Antartica Srl. claimed that the consumers of the goods covered by the trademark applied for are not aware of the earlier mark and, therefore, that any unfair advantage can be ruled out in the current case. For purposes of Article 8(5) of the Community Trademark Regulation the “reputation” of the earlier mark, according to Antartica, had to extend to the general public and not only to the public constituted by the consumers of the goods designated by that trademark.

The European Court of Justice agreed with the court of lower instance and stated that considering the omnipresence of the stock market NASDAQ in the press—not only in the specialist press but also in the general press—and the interest of a large part of the general public in the development of the financial markets, the reputation of the earlier mark reaches further than only to professional circles of the financial sphere.

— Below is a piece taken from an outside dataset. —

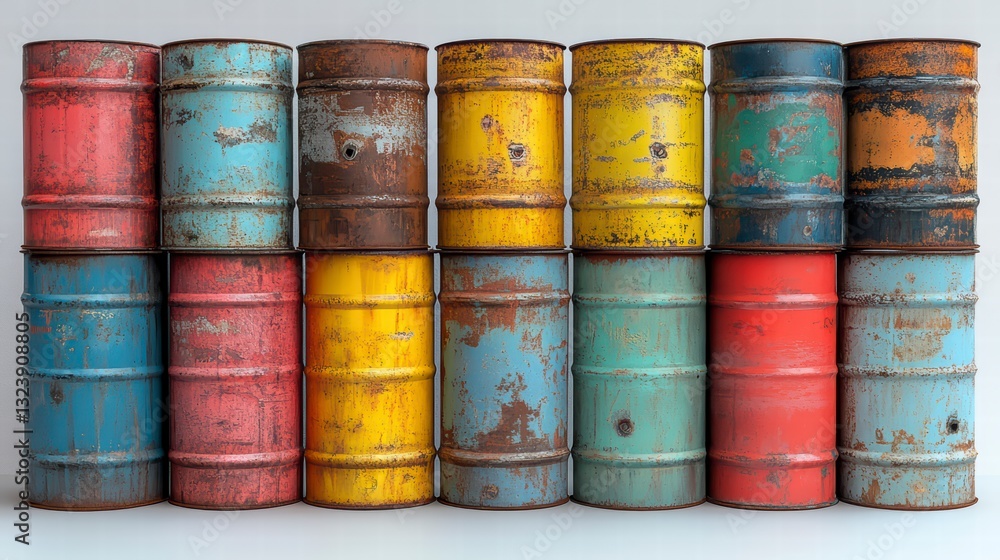 Poster rusting barrels of colors:a vibrant composition of aged barrels in a stunning array of colors, exhib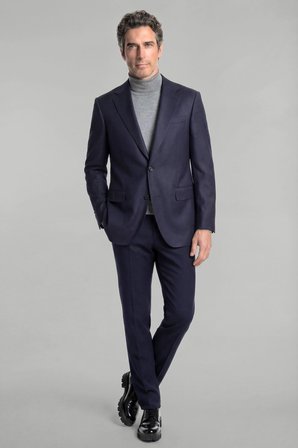 Bisse Comfort Fit Lacivert Mono Yaka Çift Yırtmaçlı 6 Drop Erkek Yün Ceket PCK25K25205_D39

However, only a few weeks later, on April 30, 2009, the European Court of Justice decided in another case regarding Article 8(5) of the Community Trademark Regulation (C-136/08 P) that no likelihood of confusion exists between the earlier figurative trademark “Camel,” which was registered for tobacco goods and cigarettes, and the figurative trademark “Camelo,” registered for coffee.

Though the court recognized the fact that the earlier trademark is well-known and that the trademarks are similar, it could not determine that the further requirements of Article 8(5) of the Community Trademark Regulation were fulfilled. The court could not find that the trademark applied for would take unfair advantage of the distinctiveness or would damage the reputation of the earlier trademark.